It starts practically immediately, under a second I would say.

does the job stuck in processing shows a little triangle in the dashboard ? does re-enquieing it make the job start ?

Yes. Yes.

The code in FetchedJobsWatcher should take care of this situation, marking the job as "Checked" and requeuing it at the next run of FetchedJobsWatcher.Execute by disposing a RedisFetchedJob.

FetchedJobsWatcher is looking only at the queue. But for me, at some point between steps 5 and 6, the Redis list for the queue becomes empty. https://github.com/marcoCasamento/Hangfire.Redis.StackExchange/blob/79e7bfd2ce2613fe8978b849d9f27885f897c47e/Hangfire.Redis.StackExchange/FetchedJobsWatcher.cs#L81C29-L81C29

Of course is totally possible that something goes unexpected but I'd need you to switch to the beta and give me a repro (and some time) to try debug the problem. I know that the actual versions isn't deprecated but I have very limited time to devolve to the project and I prefer to debug the very latest version.

Sure, let me know how to switch to the beta.

Aside from that, an InvisibilityTimeout of 1" is something pretty weird, I guess you set it to that value just to ease the reproduction of the error. A good value for this settings take into consideration the duration of job that take most time.
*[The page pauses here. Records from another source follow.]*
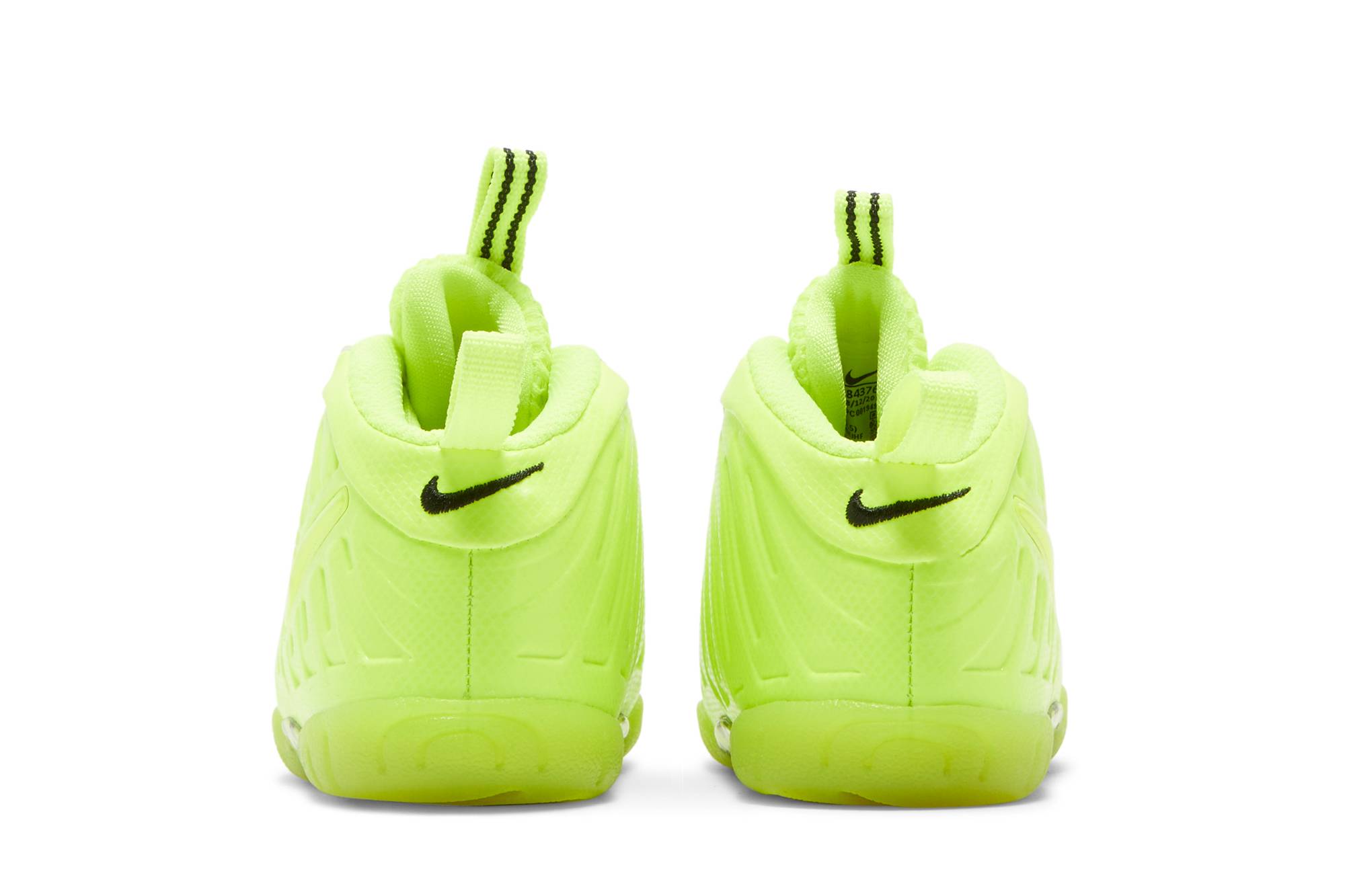 Details for (TD) Nike 小泡泡一号‘伏特’ 843769-702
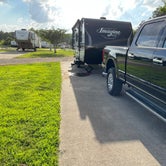 Review photo of Carthage RV campground by Michael W., June 24, 2021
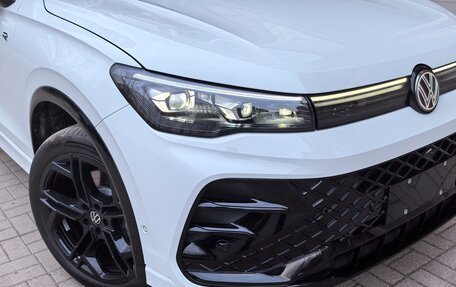 Volkswagen Tiguan, 2025 год, 4 800 000 рублей, 37 фотография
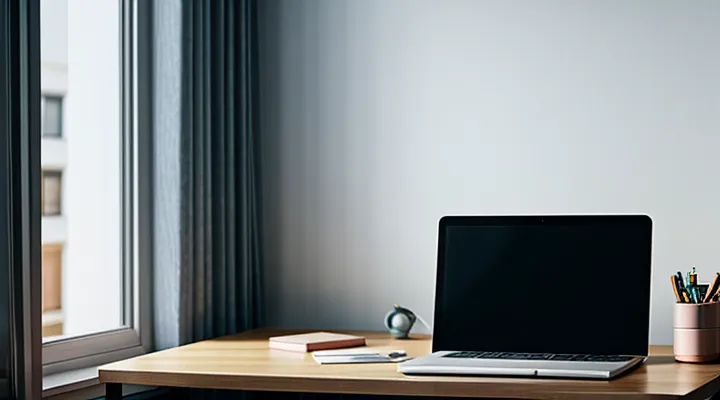 Вход в личный кабинет Госуслуги по паролю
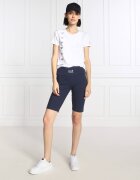 EA7 pantaloni scurți biker | slim fit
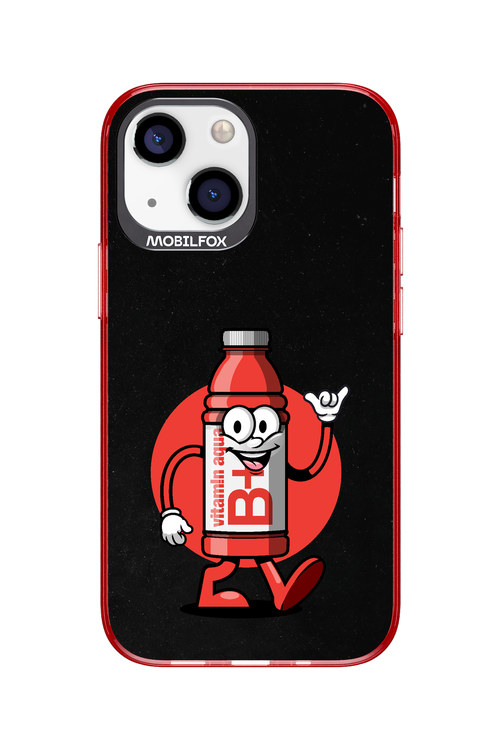 Vitamin Aqua B+ - Apple iPhone 13 Mini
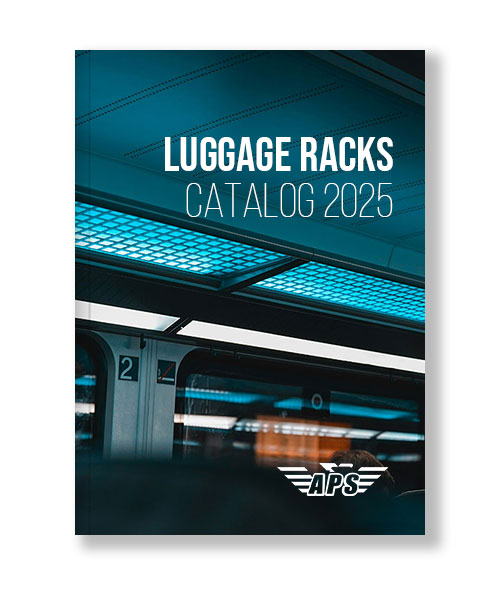 Catalogue APS 2025 - Porte-bagages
You definitely want to pick a value that is sensibly greater that that.

Yes, that value is there just to emphasize the behavior and save me from waiting while testing :)

FixRM commented 7 months ago

Hello @marcoCasamento. We hit similar issue as reported here. If job doesn't support CancelationToken and if it was killed by Hangfire itseft after InvisibilityTimeout, that causes a loss of a worker. Here we have a talk with Sergey (a creator of Hangfire). He said that this issue must be related to the storage implementation.

Please let me know if I can help somehow.

marcoCasamento commented 7 months ago

Hello and thanks for the repro. That's interesting indeed. I hope to run the repro this week and post some feedback here

Lexy2 commented 6 months ago

I think I now have a better understanding of what is happening.

at point 3 you wite: "The job is started after a while, and we [...]" that make me think there's something wrong on redis side, maybe the pub/sub isn't working ? it should start immediately

FetchedJobsWatcher successfully requeues the expired job but does not publish the requeued job id to the subscription channel. Thus, FetchNextJob is only triggered when FetchTimeout expires, which is in the next 3 minutes.

This one is quite easy to fix, I'll do it.

If job doesn't support CancelationToken and if it was killed by Hangfire itseft after InvisibilityTimeout, that causes a loss of a worker

It doesn't case a loss of a worker. The worker keeps executing that long job. Once the worker finishes executing that long job, it will be available again. Of course, if the job is hung, the worker will be lost, but it's not the fault of the storage in this case.

What happens is that when the job is requeued, it somehow gets removed from the fetched jobs after after it's requeued, and this is why further requeues or restarts don't see this job. I'll look closer.

Lexy2 commented 6 months ago

Oh my God. ServerJobCancellationWatcher is a Hangfire's background process to remove aborted jobs from workers. It frees up the original worker when the job is requeued and at the same time removes the reallocated by FetchedJobsWatcher job from fetched jobs.

It deems the job aborted if all conditions are true:

its cancellation token is aborted,
its state is processing,
its ServerId & WorkerId properties. And cancels the cancellation token which causes the job to cancel and be removed from the fetched jobs list and the previous worker.

Not sure how to mitigate at this stage. One way, which kind of stupid, is to wait for 5 seconds before requeuing the job so that the cancellation watcher wouldn't terminate an already rerunning job.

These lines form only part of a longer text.